Rochebin soll seine berufliche Stellung und sein Ansehen ausgenutzt haben, um zu Sex zu kommen. Ein weiterer Kadermitarbeiter sei ebenfalls übergriffig geworden, und «alle hätten davon gewusst». Darum forderten 550 Mitarbeitende von RTS, immerhin gut ein Drittel der ganzen Belegschaft, in einer Petition die Absetzung der beiden Kaderleute und eine externe Untersuchung. Und was hat das mit der SRG zu tun? Der heutige SRG-Generaldirektor Gilles Marchand war von 2001 bis 2017 RTS-Direktor. Gegenüber watson.ch sagte die SRG-Medienstelle, Marchand habe von den falschen Facebook-Profilen Rochebins, nicht jedoch den Vorwürfen der sexuellen Belästigung Kenntnis gehabt. Sein Nachfolger als RTS-Direktor habe im Herbst 2017 «Massnahmen gegen Rochebin bezüglich der Einhaltung der Berufsregeln» ergriffen, über die Marchand informiert worden sei. Nun fordern kritische SRG-Angestellte und Mediengewerkschaften gar den Rücktritt von Marchand.

Ladina Heimgartner als Nachfolgerin?

Felix E. Müller gab kürzlich in der NZZaS noch einen drauf und brachte Ladina Heimgartner als Nachfolgerin ins Spiel. Sie ist seit gut einem Jahr bei Ringier, vorher arbeitet sie lange bei der SRG. Sie hat einige Vorteile gegenüber Marchand. Sie ist eine Frau, sie ist in der rätoromanischen Schweiz aufgewachsen. Und sie ist erst 40-jährig. Das ideale Alter, um den angestrebten «Transformationsprozess» der SRG auch durchzuziehen. Sprich, mehr digital, weniger Gewicht auf linear ausgestrahlte Sendungen.

«Lassen Sie mich das erklären»

Aber was hat das nun mit dem SRG-Heftli zu tun?
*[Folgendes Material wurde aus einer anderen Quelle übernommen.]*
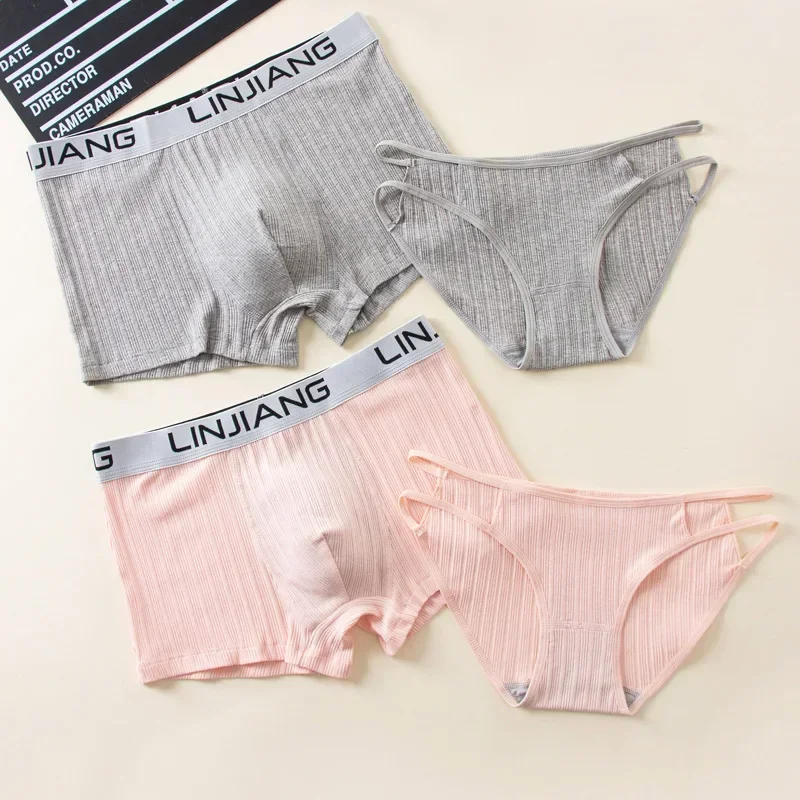 2Pcs Couple Underwear Set Men's Boxer Briefs Women's Lace Panties Sexy Cozy Cotton Lingerie Thread Trimmings Lovers Gift - Image 2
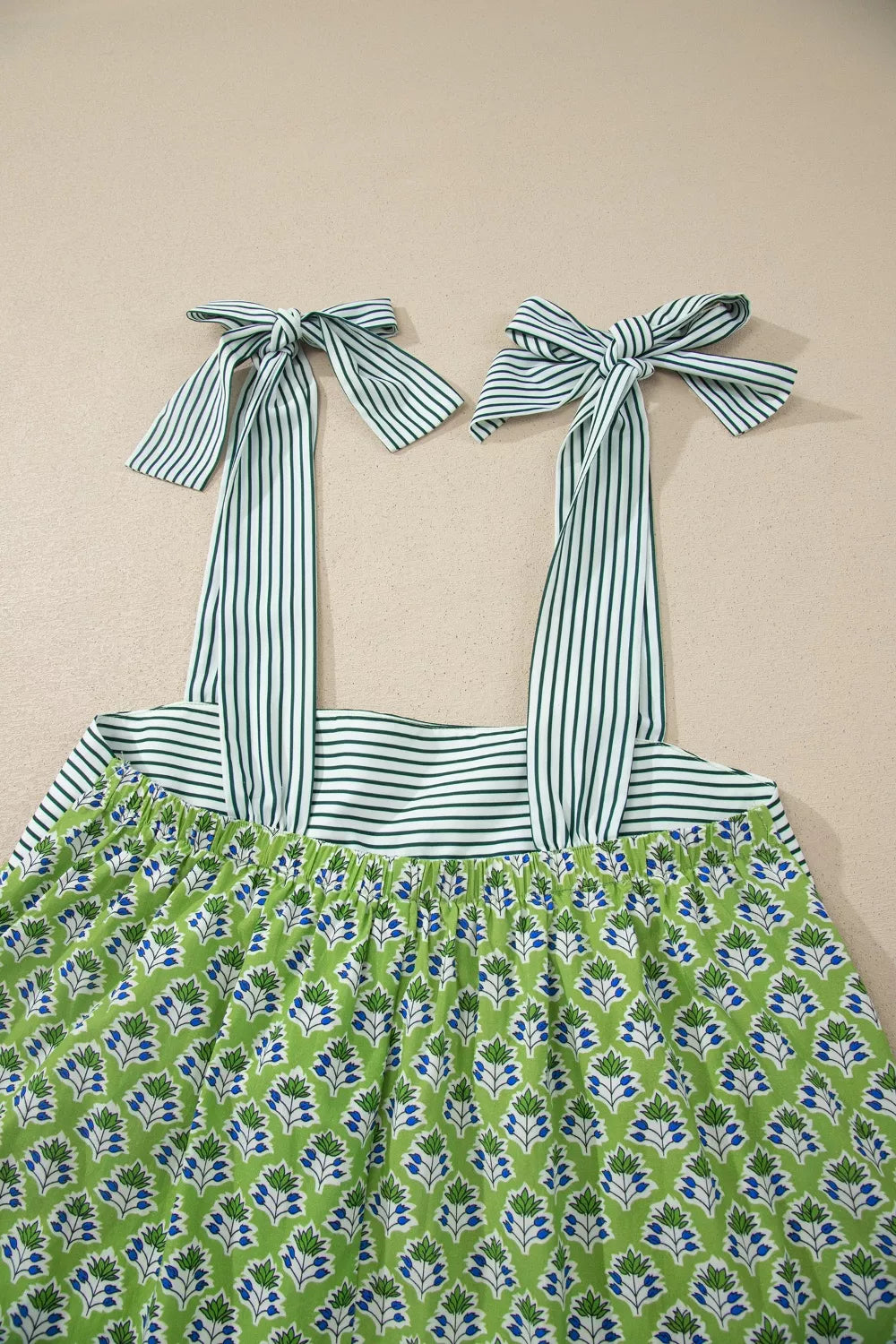 Matcha green floral print tie strap tank side view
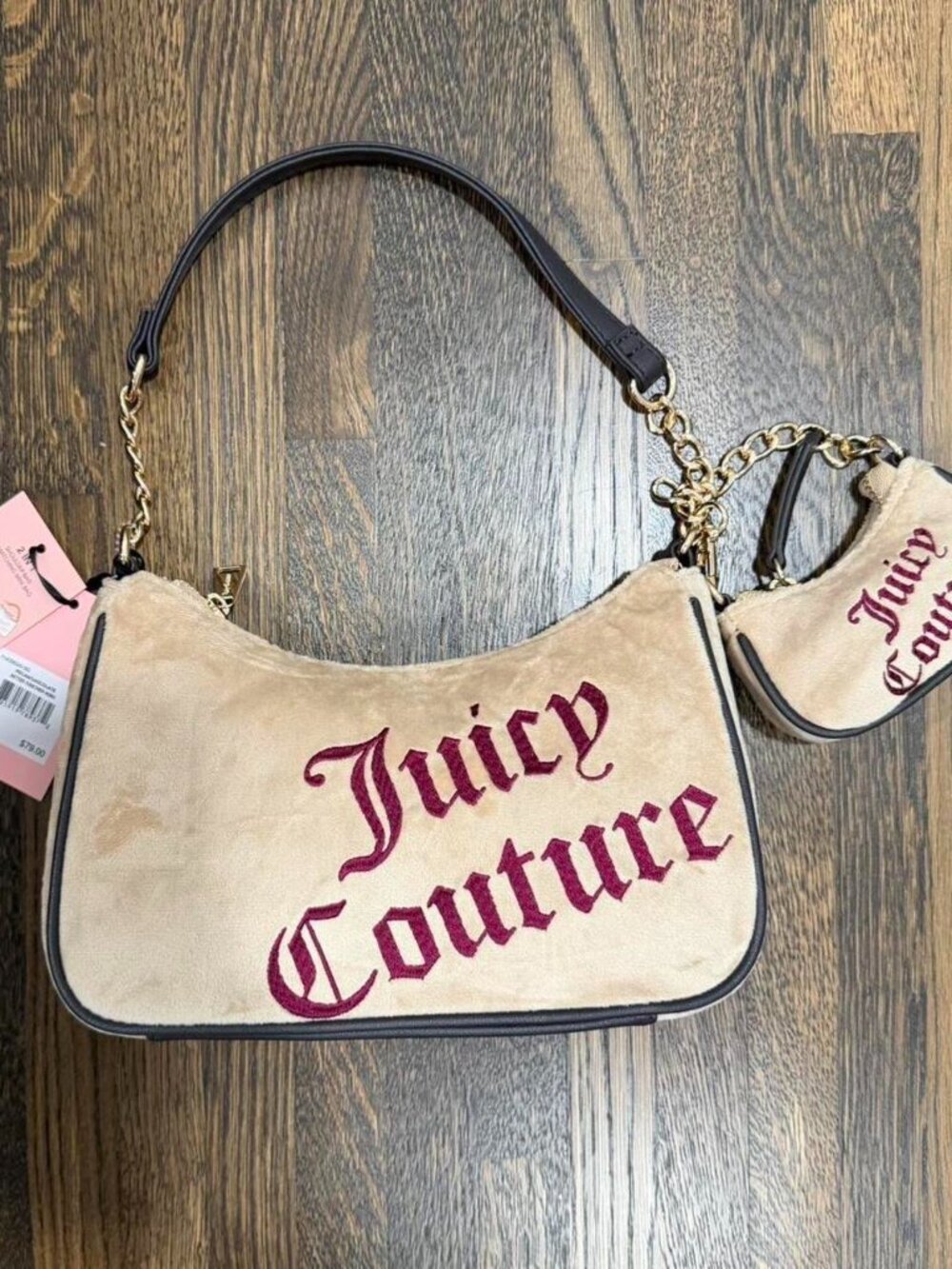 juicy couture better together hobo pecan chocolate cream tan black shoulder bag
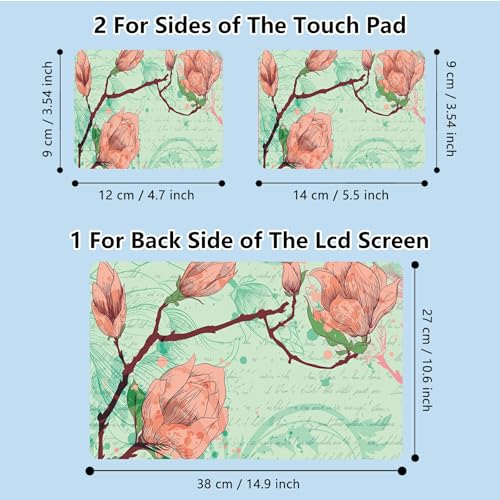 Universal Laptop Skin Sticker with 2 Wrist Pad Skins, Waterproof Scratch Resistant Vinyl Laptop Cover Decal, Cut to Fit for 11–15.6 Inch MacBook HP Dell Lenovo, Magnolia - color: Magnolia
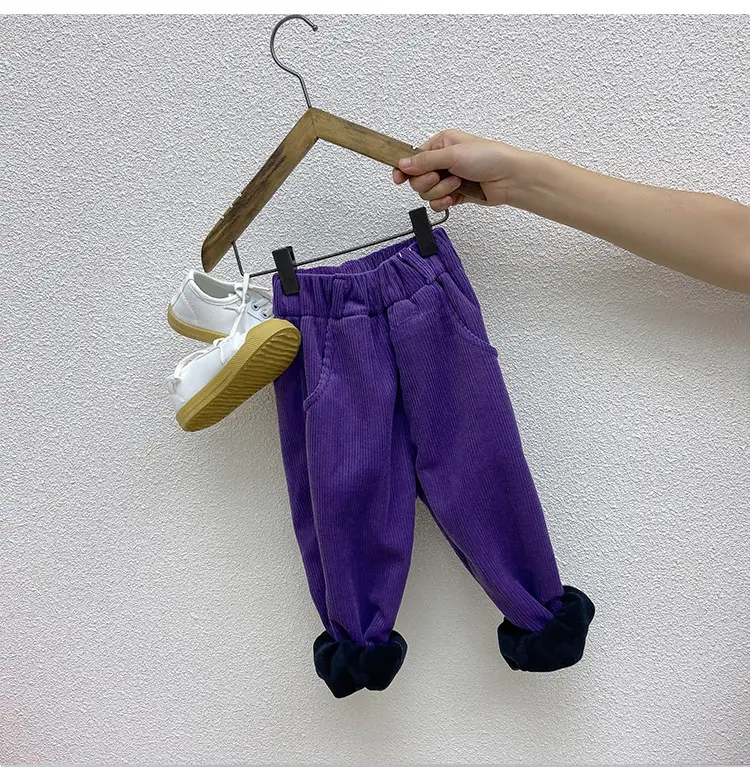 Brown Corduroy Padded Casual Pants for Boys Girls — feature 13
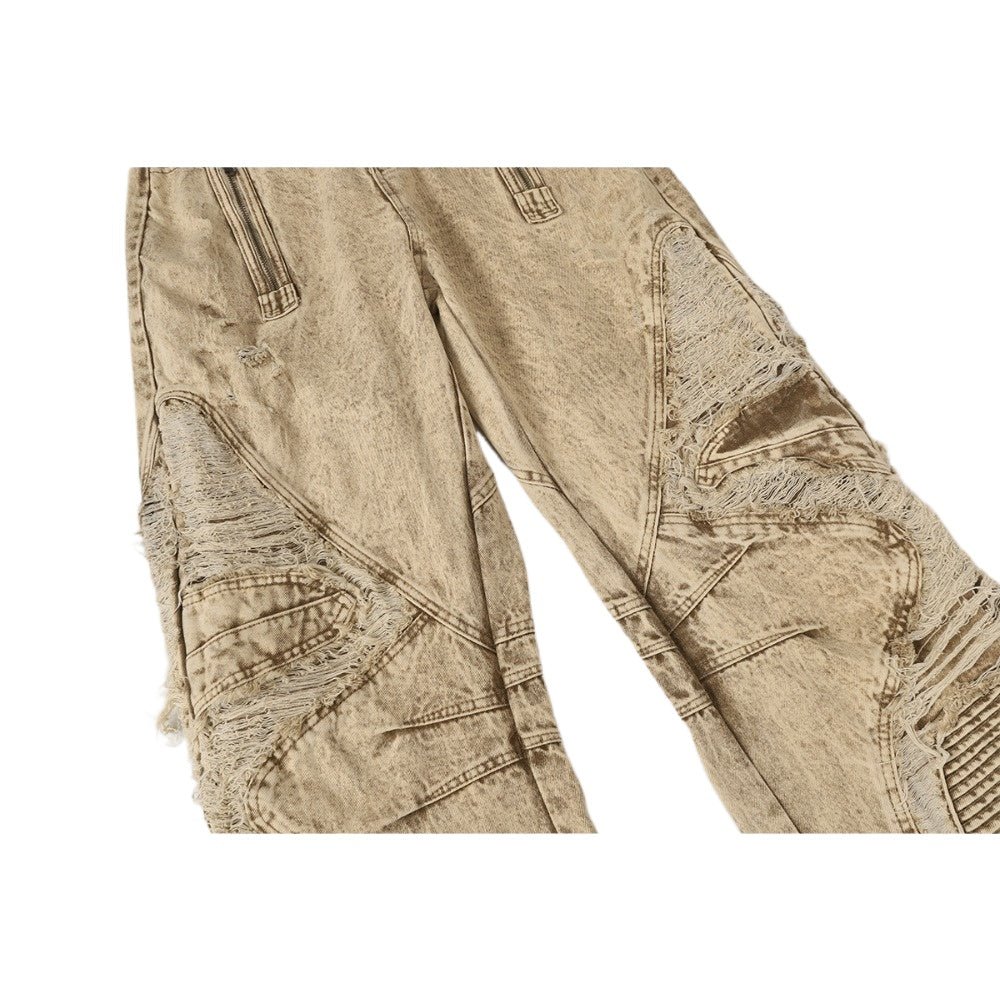 Khaki Grunge Washing Fray Damage Wide Jeans - Thrashink
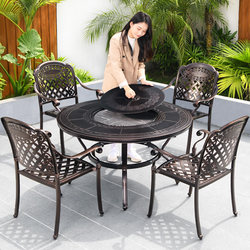 Outdoor Barbecue Tables and Chairs Cast Aluminum Commercial Outdoor Leisure Charcoal Grill Patio Table Home Yard Charcoal Grill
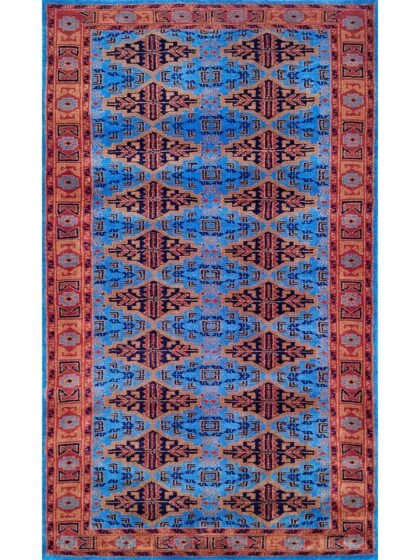 3x5 Feet Hand Knotted Blue Wool Carpet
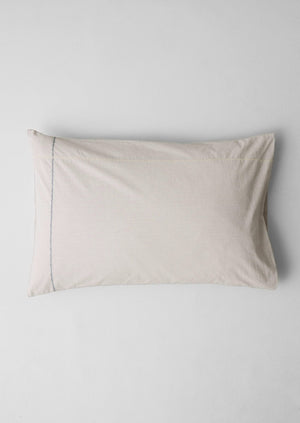 Fine Stripe Organic Cotton Embroidered Pillowcase | Ecru/Smoke Blue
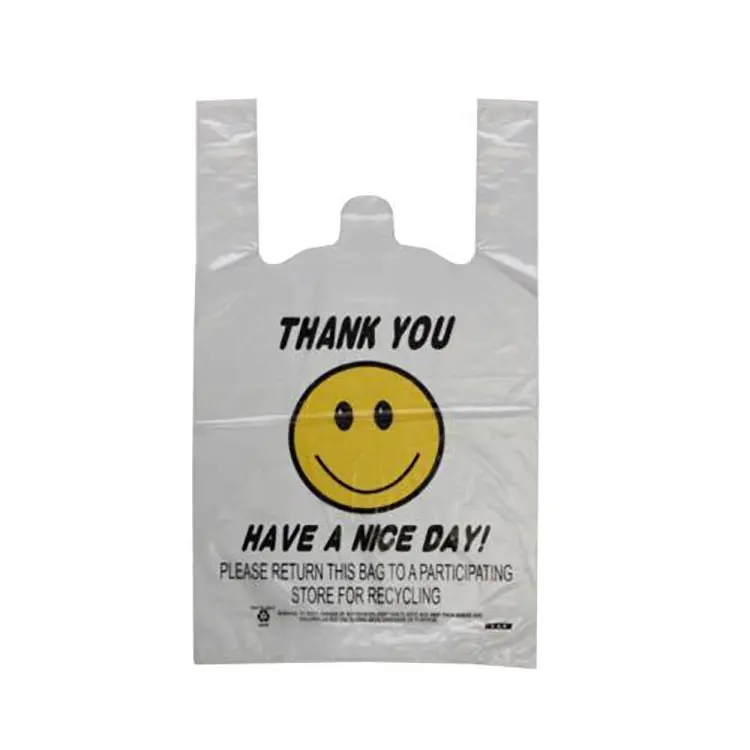 Rollo de bolsas de plástico para camiseta de supermercado, transparente, respetuoso con el medio ambiente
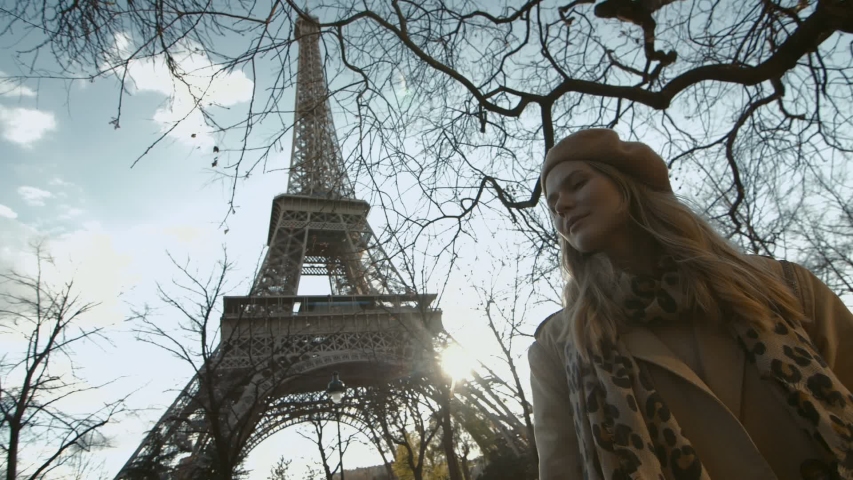 Beautifu Girl In Paris With Eiffel Tower On Background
Viel und nichts. Denn das Thema Rochebin-Sex-Marchand ist auch in Leutschenbach allgegenwärtig. Viele Mitarbeitende sind sauer, wie die SRG und demzufolge auch SRF das Problem angehen. Man bekommt den Eindruck, wie wenn die Chefs einander decken wollten. Aussitzen lautet die Devise. Dass in den nächsten Wochen Kündigungen anstehen, spielt dem Kader sicher in die Karten. Wer will schon aufmucken, wenn seine Stelle in Gefahr ist? In diese Strategie des Schweigens und Aussitzens passt nun eben die neuste Ausgabe von «link». Kein Wort über das Rochebin-Thema. Kein Wort. Dafür schreibt SRF-Direktorin in salbungsvollen Worten viel und doch wenig Konkretes über das «Transformationsprojekt SRF 2024». «Lasen Sie mich das Prinzip der Transformation am Beispiel der Volksmusik erklären», schreibt die Chefin etwa. Gestelzter geht fast nicht. Und das in einem Mitarbeiterheft, einem internen Produkt von und für Mitarbeitende. Theoretisch. Immerhin erfährt der Laie nebenbei, dass bei SRF heute weniger als 10 Prozent «unserer Mittel ins Onlineangebot fliessen, in einem Jahr sollen es etwa 20 Prozent sein.» Der Verlegerverband wird sich freuen.

Wie eine Programmzeitschrift

Was bleibt sonst vom «link»? Das Heft wirkt wie eine Programmzeitschrift. Der Text «Play Suisse» könnte auch im «Tele» stehen. Ebenso wie die Rubrik «Neu im Programm». Dafür kommen porträtierte Mitarbeiter eher zu kurz. Das Heft wirkt ziemlich unpersönlich, ja fernab von der Basis. Da ist das von zackbum.ch auch schon kritisierte Ringier-Blatt Domo noch um einiges menschlicher. Doch hier wie dort zeigt sich, dass die Chefs das letzte Wort haben. Darum ist im «link» kein Wort zum Thema Sexismus und Darius Rochebin zu finden.

In einer ersten Version wurde «link» als Mitarbeitermagazin bezeichnet. Das stimmt nicht ganz. Es richtet sich neben den Mitarbeiteiterinnen und Mitarbeitern auch an die Mitglieder der SRG. Die Auflage beträgt gut 16000 Exemplare.